- TO DO
Copy exactly the lines from the one containing "Krémový, texturovaný top" through the last line of the records, both included, and nothing more.

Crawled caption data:
*** Block opens ***
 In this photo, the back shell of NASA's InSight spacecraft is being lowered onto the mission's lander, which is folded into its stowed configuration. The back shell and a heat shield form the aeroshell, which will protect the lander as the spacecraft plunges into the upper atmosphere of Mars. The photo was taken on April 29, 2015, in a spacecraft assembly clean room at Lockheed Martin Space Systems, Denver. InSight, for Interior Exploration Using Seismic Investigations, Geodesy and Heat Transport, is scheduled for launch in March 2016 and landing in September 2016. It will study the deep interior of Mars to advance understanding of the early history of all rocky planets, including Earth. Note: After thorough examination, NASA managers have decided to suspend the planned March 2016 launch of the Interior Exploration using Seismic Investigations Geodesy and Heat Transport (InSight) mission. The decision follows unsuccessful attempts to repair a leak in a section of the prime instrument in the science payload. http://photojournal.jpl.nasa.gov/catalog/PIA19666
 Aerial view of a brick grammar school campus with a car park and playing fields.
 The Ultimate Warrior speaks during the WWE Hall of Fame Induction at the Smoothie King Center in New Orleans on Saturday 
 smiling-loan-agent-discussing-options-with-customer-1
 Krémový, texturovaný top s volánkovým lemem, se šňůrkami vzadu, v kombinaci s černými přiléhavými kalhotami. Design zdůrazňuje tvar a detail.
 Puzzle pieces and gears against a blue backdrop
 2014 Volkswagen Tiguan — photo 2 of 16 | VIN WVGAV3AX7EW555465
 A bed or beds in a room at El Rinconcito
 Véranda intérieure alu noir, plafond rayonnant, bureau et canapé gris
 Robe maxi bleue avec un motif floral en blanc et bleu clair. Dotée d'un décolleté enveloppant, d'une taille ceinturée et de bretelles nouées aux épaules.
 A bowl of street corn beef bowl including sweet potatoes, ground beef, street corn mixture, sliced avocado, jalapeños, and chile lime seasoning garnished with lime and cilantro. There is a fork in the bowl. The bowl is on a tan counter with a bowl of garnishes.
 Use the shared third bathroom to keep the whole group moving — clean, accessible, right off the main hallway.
*** Block closes ***
- FINAL ANSWER
 Krémový, texturovaný top s volánkovým lemem, se šňůrkami vzadu, v kombinaci s černými přiléhavými kalhotami. Design zdůrazňuje tvar a detail.
 Puzzle pieces and gears against a blue backdrop
 2014 Volkswagen Tiguan — photo 2 of 16 | VIN WVGAV3AX7EW555465
 A bed or beds in a room at El Rinconcito
 Véranda intérieure alu noir, plafond rayonnant, bureau et canapé gris
 Robe maxi bleue avec un motif floral en blanc et bleu clair. Dotée d'un décolleté enveloppant, d'une taille ceinturée et de bretelles nouées aux épaules.
 A bowl of street corn beef bowl including sweet potatoes, ground beef, street corn mixture, sliced avocado, jalapeños, and chile lime seasoning garnished with lime and cilantro. There is a fork in the bowl. The bowl is on a tan counter with a bowl of garnishes.
 Use the shared third bathroom to keep the whole group moving — clean, accessible, right off the main hallway.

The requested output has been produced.